● Directions: Exact copies of all the lines below are wanted, without a single picture.

● The data:
####################

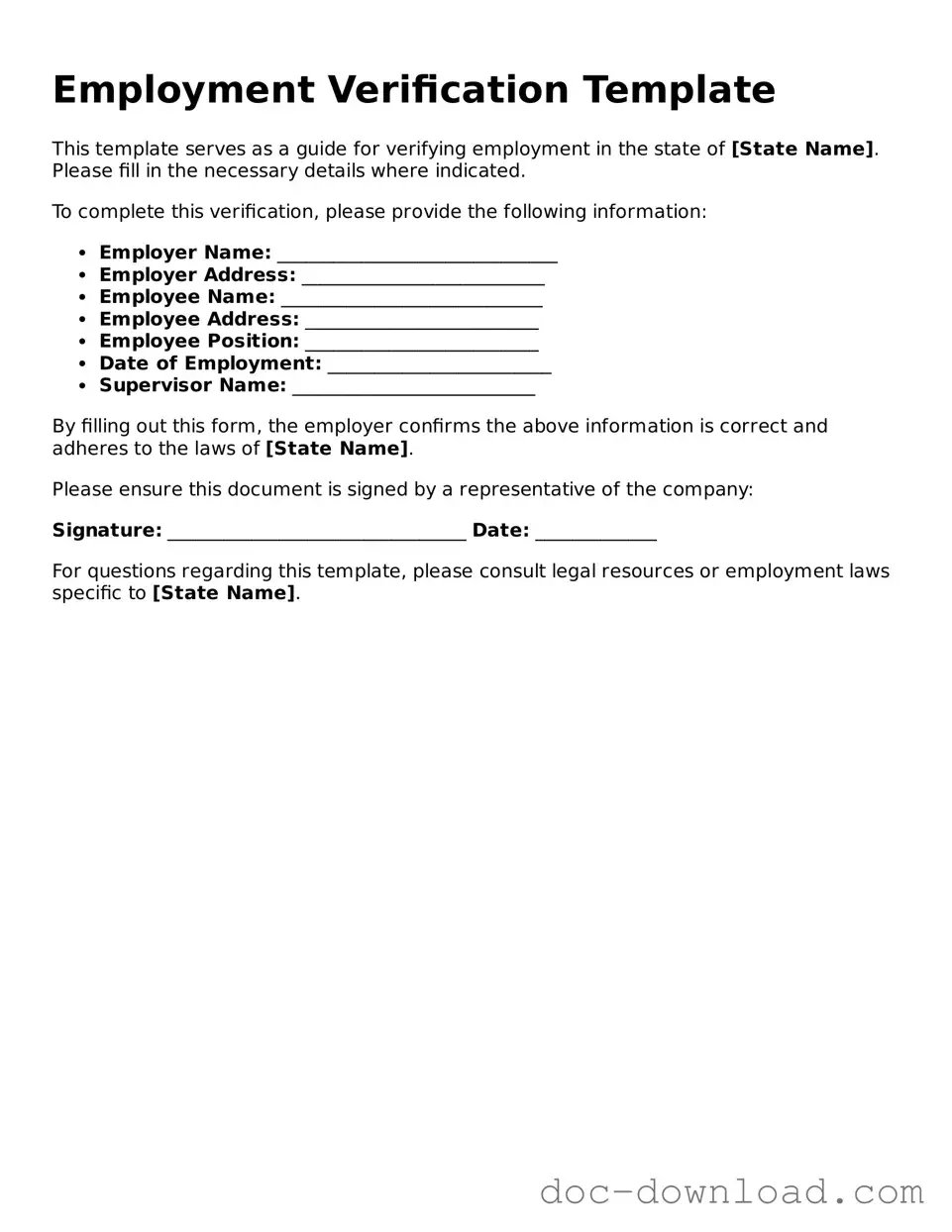 Printable Employment Verification Template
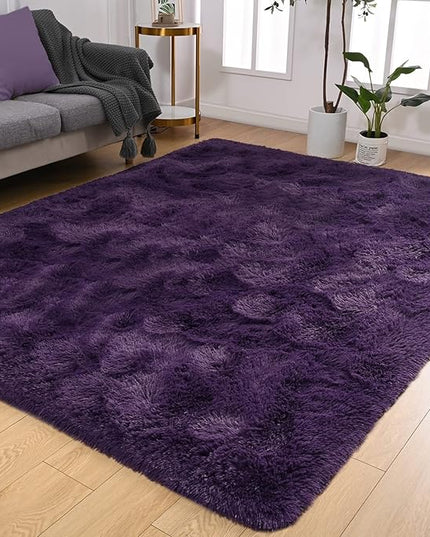Softlife Rug for Living Room 5.3x7.6 Feet Area Rug for Bedroom Super Soft Shaggy Rugs for Kids Room Fluffy Fuzzy Carpets Long Plush Bedside Rug Nursery Christmas Home Decoration for Boys Girls, Purple - LeafyLoom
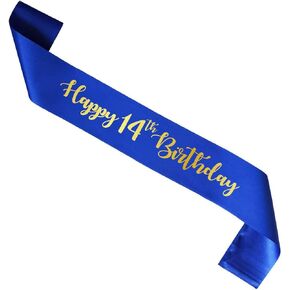 Blue Happy 14th Birthday sash, Gold Foil Boy Girl 14 Years Birthday Gift, Party Supply, Accessories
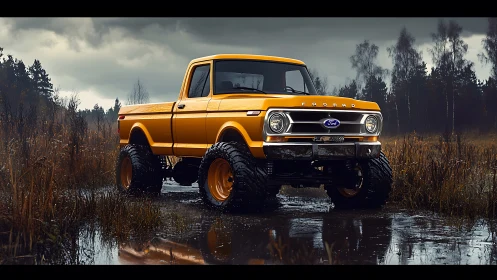 Golden off road classic truck prowls through stormy marshlands.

####################

● Result of the task:
 Printable Employment Verification Template
Softlife Rug for Living Room 5.3x7.6 Feet Area Rug for Bedroom Super Soft Shaggy Rugs for Kids Room Fluffy Fuzzy Carpets Long Plush Bedside Rug Nursery Christmas Home Decoration for Boys Girls, Purple - LeafyLoom
 Blue Happy 14th Birthday sash, Gold Foil Boy Girl 14 Years Birthday Gift, Party Supply, Accessories
 Golden off road classic truck prowls through stormy marshlands.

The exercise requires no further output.